Exercise:
Start to finish, repeat the records exactly.

Records for this task:
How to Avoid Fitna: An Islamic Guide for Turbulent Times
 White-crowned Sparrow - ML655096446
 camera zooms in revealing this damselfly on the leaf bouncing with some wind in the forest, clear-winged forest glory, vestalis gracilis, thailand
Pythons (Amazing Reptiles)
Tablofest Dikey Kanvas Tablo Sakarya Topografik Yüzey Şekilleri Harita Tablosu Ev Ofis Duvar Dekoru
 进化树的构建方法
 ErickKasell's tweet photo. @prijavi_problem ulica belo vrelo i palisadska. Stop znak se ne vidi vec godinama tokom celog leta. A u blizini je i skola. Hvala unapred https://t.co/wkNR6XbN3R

Written response:
How to Avoid Fitna: An Islamic Guide for Turbulent Times
 White-crowned Sparrow - ML655096446
 camera zooms in revealing this damselfly on the leaf bouncing with some wind in the forest, clear-winged forest glory, vestalis gracilis, thailand
Pythons (Amazing Reptiles)
Tablofest Dikey Kanvas Tablo Sakarya Topografik Yüzey Şekilleri Harita Tablosu Ev Ofis Duvar Dekoru
 进化树的构建方法
 ErickKasell's tweet photo. @prijavi_problem ulica belo vrelo i palisadska. Stop znak se ne vidi vec godinama tokom celog leta. A u blizini je i skola. Hvala unapred https://t.co/wkNR6XbN3R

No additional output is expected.